Wright’s group starts out in familiar surroundings but by the end of Apples and Oranges, they’re planted firmly in their own unique territory. The same can be said for several of the compositions and the multiple sections they contain. They get further leverage from the horn-heavy lineup of Wright (tenor saxophone, b-flat clarinet), Evan Francis (alto sax, flute), Rob Ewing (trombone) who are joined by Lisa Mezzacappa (bass) and Jordan Glenn (drums).
“Freddie Awaits the Sleepers” has a stop-time melody that emphasizes the off beats. The band plays changes during Ewing’s solo, while he cuts his own melodic path with plenty of energy. The saxes each take their own solo and keep the mood going. Ewing later gets in a spirited chase with Wright (now on clarinet) and Francis (flute) in “Low Impact Critter,” which begins with both reeds playing rapid eighth notes in unison. The same two reeds add a rich texture to “The Sea and Space.” It begins like a ballad showcase for Ewing but by the end, the group locks into an arty vamp for an alto solo that has a dirty funk tone when Francis starts blowing.

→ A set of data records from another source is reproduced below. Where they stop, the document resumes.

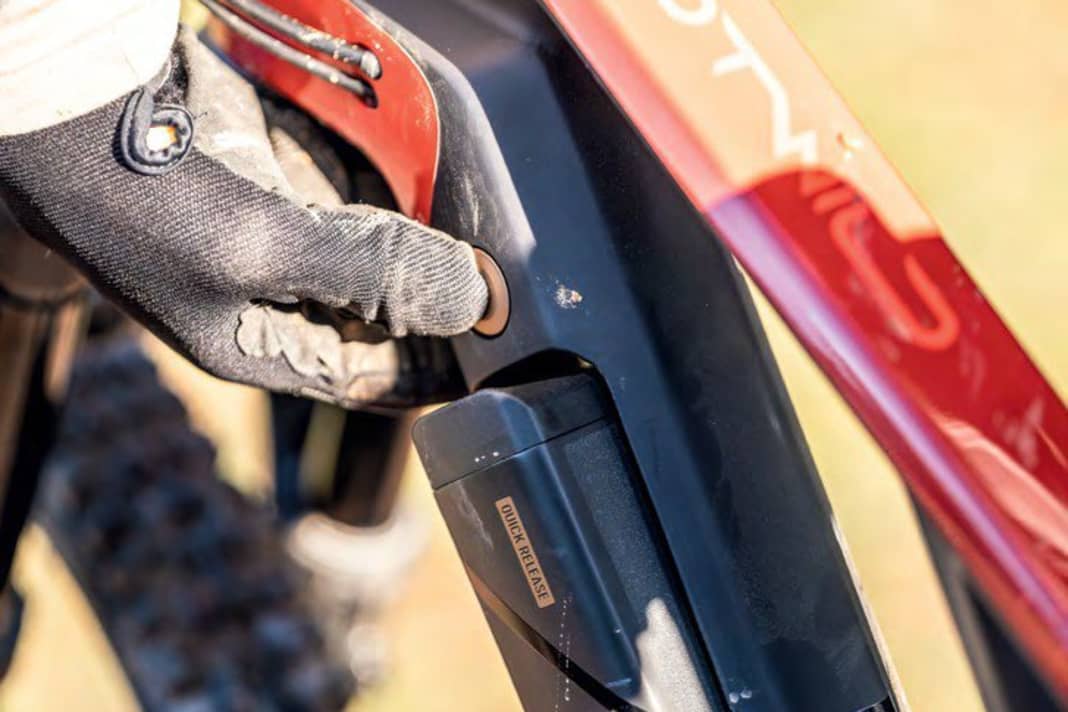 TOP: Verwisselbare batterijen zijn geen vanzelfsprekendheid op lichte eMTB's. Met zijn quick release heeft Rotwild een bijzonder snelle en gemakkelijke optie om de batterij te vervangen. Met BH, Forestal en Simplon vertrouwen drie fabrikanten op permanent geïnstalleerde batterijen.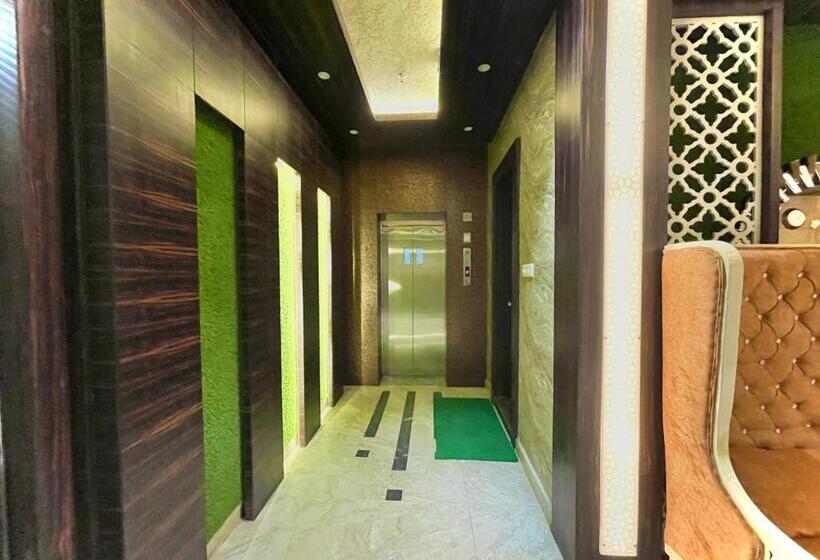 Kuber Palace ! Puri Near Sea Beach And Temple Fully Air Conditioned Hotel With Lift And Parking Faci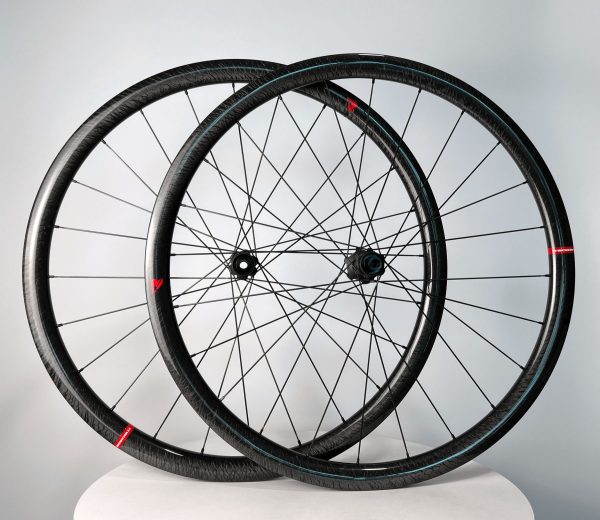 Redchilli RL Wheelset - Gloss Marble - 35mm Rim Depth Redchilli RL Wheelset - Gloss Marble - 35mm Rim Depth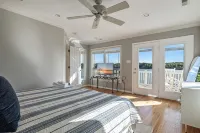 Lakefront w/ private dock, hot tub, game room, boat house hangout - Boutique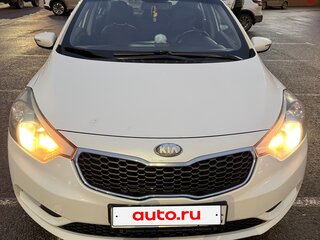 2013 Kia Cerato III, белый, 1200000 рублей, вид 1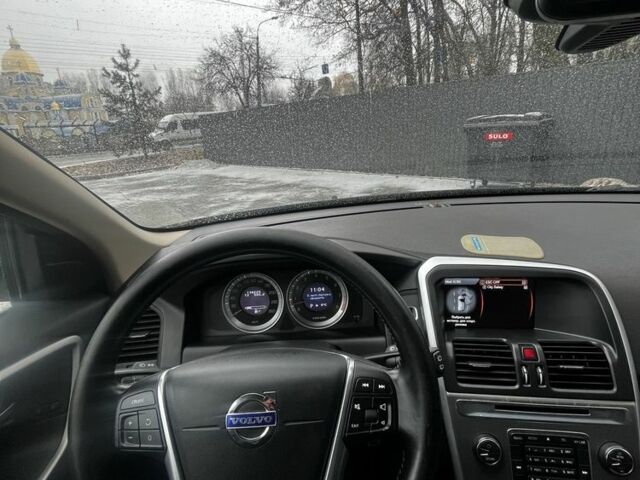 Чорний Вольво ХС60, об'ємом двигуна 3 л та пробігом 238 тис. км за 10999 $, фото 7 на Automoto.ua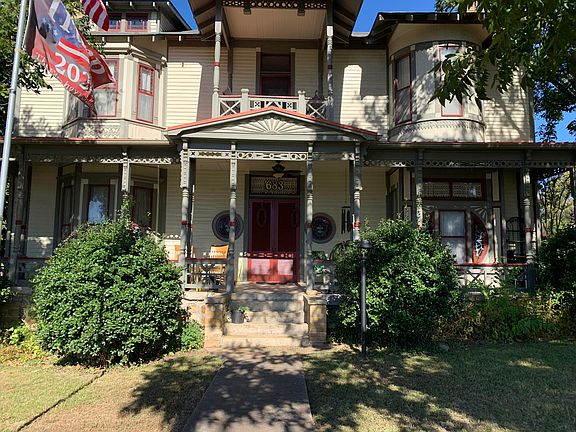 2nd image of 683 Water St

“Whaticism” also packs a lot of ideas into a seven-minute track. In the spirit of mid-’60s post-bop (reminds these ears of the between-free-and-structured work of perhaps Grachan Moncur III and Andrew Hill) everyone gets room for a brief, concise solo, including a twisted line from Francis. “Eyedrop,” the longest track at 11 minutes, slowly evolves from muttering horns to a slow riff in 3/4 where the clarinet whine is answered by the other horns. Wright leaves his mark here both in a solo and in what he’s written. The West Coast players make an impact that can be compared to Shelton’s Fast Citizen comrades in Chicago, so this album will hopefully get into the hands of more eager listeners.